Kenzo returns to Paris for the SS26 season under the direction of NIGO, who brings together decades of influence through a concept titled Club Kenzo. This season draws from multiple references: Andy Warhol’s Factory, Kenzo Takada’s Parisian studio, and NIGO’s own creative orbit, to build a collection that looks outward while maintaining a personal tone. At Club Kenzo, rules do not apply, genders are not kept rigid, and dressing becomes a form of invitation.



The club space becomes a metaphor for experimentation. The Kenzo Guy and the Kenzo Girl dress with intent but leave formality behind. They share clothes, blur categories, and let chance encounters define their style. NIGO treats dressing as a game: thoughtful, fast, and never too fixed. Bowling alley dates inspire graphic motifs, while cartoon characters return from last season’s narrative about the love between a tiger and a rabbit.

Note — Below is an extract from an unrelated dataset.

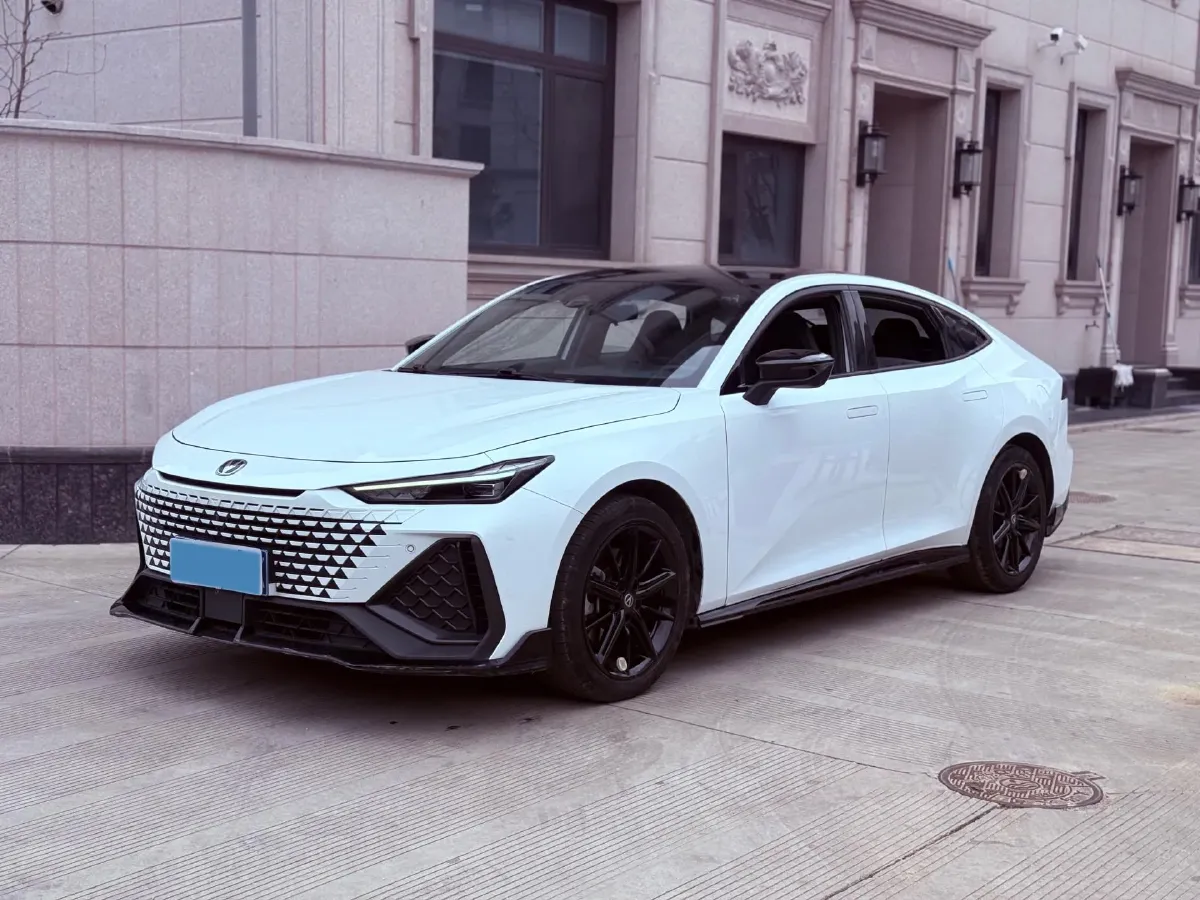 2023 ChangAn UNI-V 2.0T 233HP L4 8AT,autocango,china used car exporter,china ev exporter,chinese used car exporter,chinese used ev exporter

This time, their children—Mimi, Jojo, and Zaza—make their entrance in tiger-striped leather.



NIGO sets the tone with a soundtrack by Hiroshi Fujiwara and stages the show at Maxim’s, a venue long associated with Parisian nightlife across the eras. In this setting, the designer revisits subcultures through a lens sharpened by tailoring and exaggeration. Florals, checkerboards, and collegiate graphics are layered on top of each other. Some garments are treated with airbrushing, while others feature visible marks made by the models themselves. Texture and print speak at once.
Tailoring arrives with contrast. Italian structure meets punk energy through hot pink dinner jackets and monogrammed linings, while Japanese tailoring gains new meaning in satin evening pieces. Workwear nods to military form but shifts into new territory with pearl buttons, faux leather, and colour. A rose-printed chef’s shirt and rounded trousers anchor the silhouette in Kenzo Takada’s history without leaning into nostalgia.



Pattern work builds a visual code. NIGO revives rose prints from the archive, repositioning them with stars, harlequin checks, and psychedelic florals borrowed from early 90s collections. The graphics reinforce contradiction: Ivy League symbols clashed with punk attitude, collage prints created through DIY processes.
Footwear brings familiar objects into a surreal form. The Kenzo mule returns, reimagined in a masculine silhouette. The bowling shoe becomes a platform—one version even conceals a snow globe inside the heel. Accessories carry humour and self-reference. Belts feature playful phrases, bags come in worn leather or rigid canvas, finished with paint, patches or scratches.
The collaboration with New Era also returns. This season, the fitted 59FIFTY cap is back with a new capsule. The fit remains sharp, but the context shifts with each look. NIGO does not treat these pieces as merchandise; they function as part of character-building.